I participated in the primary, young men, and enjoyed my youth in the church. 6 months before my 19th birthday, I decided that I needed to know the church was true before making a commitment to serve 2 years. So I did what I had never done before, and that was to read the whole book of mormon and then pray as Moroni suggests. I read it within a couple of weeks and then prayed. I stayed on my knees for a long while waiting for a confirmation that it was true. The answer I finally heard/devised was “You’ve always known it was true so why are you asking?” WTF I was too naïve to recognize that this was myself answering my own question in the way I wanted it answered.
So with that conviction, I read the BofM 2 more times as well as Jesus the Christ in the remaining months before my mission. As a missionary I was very obedient and was troubled by missionaries who were there for the wrong reasons instead of a having a conviction and desire to share the “happiness” of the gospel with the world. I served in Chile, Santiago West mission from ’98-’00. When I got to my mission, I wrote an extensive letter home about my disgust for how people were being baptized by the thousands here without being converted and would rarely if ever attend church before, or after their baptism.
My parents gave this letter to the MTC which resulted in a phone call from SLC GA’s to my mission president. This ended with my being chewed out by my mission president. In his words, he said “you have damned this mission”. Luckily his time was up and was replaced 2 months after I got there. During his reign, as many as 1300 people were baptized per month in our mission. When I left the mission under my new MP, we were only baptizing ~150 or so per month, which I felt was a much better pace for the activity level of the wards there. Most wards I served in had anywhere from 500 to 1000+ members on the roles but rarely over 60 people in sacrament meeting (usually only around 30-40).
So I served my 2 years, not having been a big baptizer as I would only baptize people I felt really were converted and I often spent time trying to reactivate members so that the wards would then be strengthened to the point that converts would be sustained after joining the church. I now regret that I re-activated an RM in my last area, as he would probably would have been better off not being brought back into activity and servitude.
When I came home from my mission, I felt the strong urge to be married within a year of my return. This pressure most likely came due to my dad having been married in about that time frame after he returned and because the church says not to wait and put off marriage or families for schooling or anything etc. I dated many different women from my singles ward. I was called into the elders chorum presidency of this ward and felt like that may have upped my “righteousness” level to have better luck wooing the women. The way I met my wife was due to there being two Chilean sisters in this ward so we were instant friends since my mission was to their homeland, and one of them worked with my wife at BYU. Since I always complained to this Chilean friend about my dating woes, she said she would bring her friend from work to meet me.
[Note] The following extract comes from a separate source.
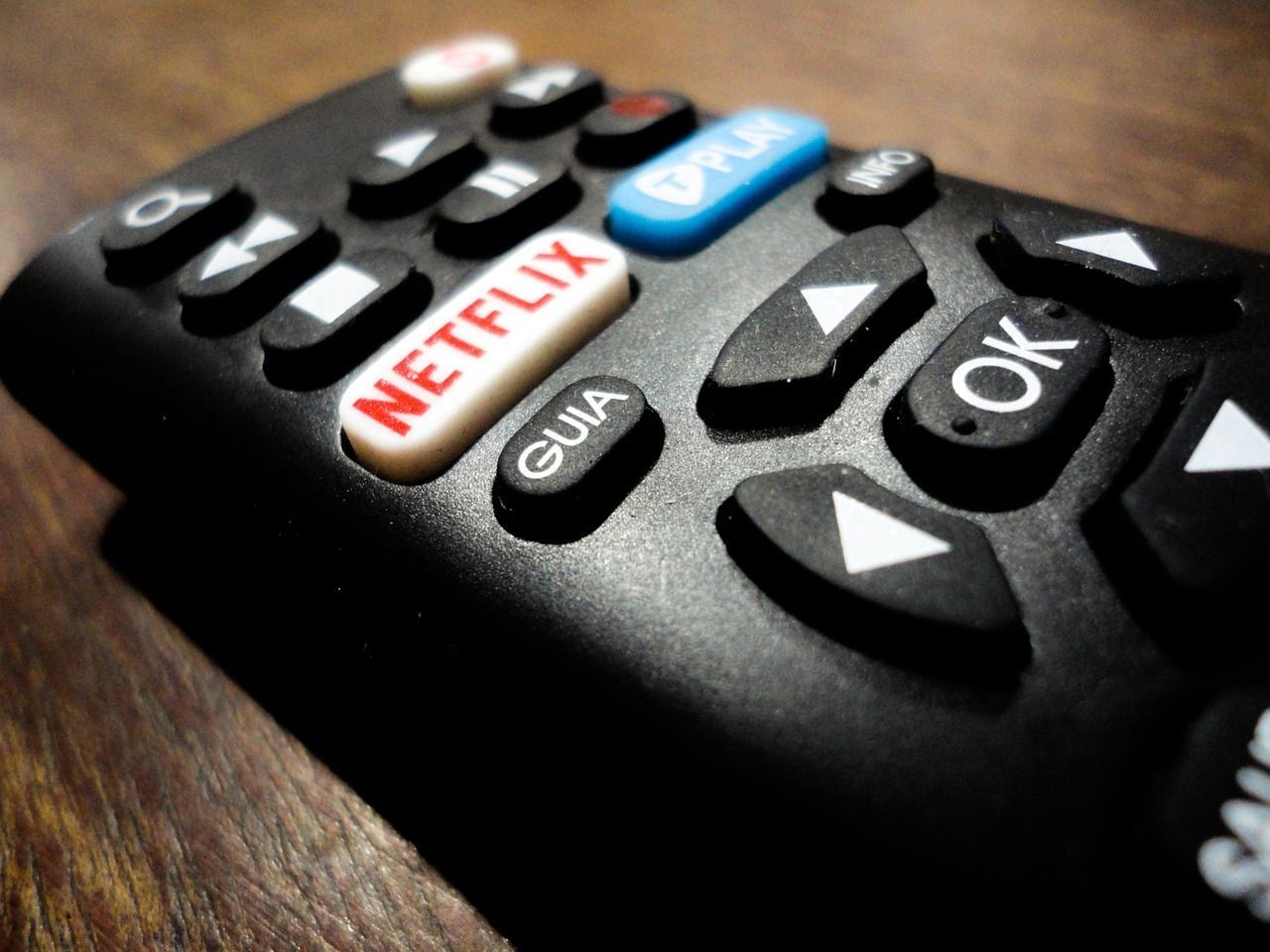 Déconfinement : Netflix débride sa plateforme et repasse en vraie 4K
We met, fell in love, got engaged after 5 weeks, and married 6 ½ months later in 2001 at the ages of 19 and 22. We faithfully popped out our first kid 9 months later since the church used to condemn birth control and also putting off child rearing. This was really hard on my wife as she really wanted to go to UofU for an accounting degree but being the controlling TBM that I was, would not allow us to deviate from the decreed path of the church. I now wish we hadn’t been so TBM and would have followed the ways of the world and got our education and stable careers first.
Beginning signs of doubt
A few years into our marriage, we got into wanting to live a healthier diet of whole (raw) foods (all fruits and vegetables). I had remembered a talk from Boyd K Packer that said that we should not take any gospel principles to extremes, and the word of wisdom was specifically mentioned. This drove me to reject this diet and so I turned away from it and my wife became vegetarian instead of a natural fooder. I realize now seeing how beneficial this diet would have been, why wouldn’t the church see the light of better health through stricter observance of the WofW? Of course now I recognize that with the church not being true they only push the WofW enough to create an identity but not so much as to drive the masses farther away.
For the first 6+ years of marriage, I would say we had a good mormon marriage, but it wasn’t what I had hopped for. Because of the taboo and inhibitions the church programs into us about sex, that was never something that was fully explored and enjoyed by either of us. Due to this and a few other hang ups, we ended up in marriage counseling a couple of times. I had thought then and now that if this is the true church, why do so many mormon marriage struggle with sex and many other aspects of creating a healthy relationship while having the “true gospel”?
In September of 2007, I decided I was ready to adapt to the vegetarian lifestyle, which wasn’t that difficult since my wife had already been one for 5 years at that point. I credit this act with giving me more power over my life and the choices I make. At the beginning of 2008, a spark was ignited in my marriage and my wife and I started making real efforts to increase the level of pleasure in our intimacy. We bought and started reading the book “And they were not ashamed” by Laura Brotherson, who is a mormon marriage counselor. This book gave us the permission to fully explore our sexuality and lead us to look for other books on marital intimacy. It also introduced me into metaphysical type beliefs due to a search on Tantra sex. At this same time, we also decided that we wanted to pursue having our calling and election made sure (2nd anointing) as spoken of in D&C 132. We fasted and prayed to begin our journey to purify ourselves to achieve this. So keep in mind that starting at about this time (February 2008), we were praying for this blessing.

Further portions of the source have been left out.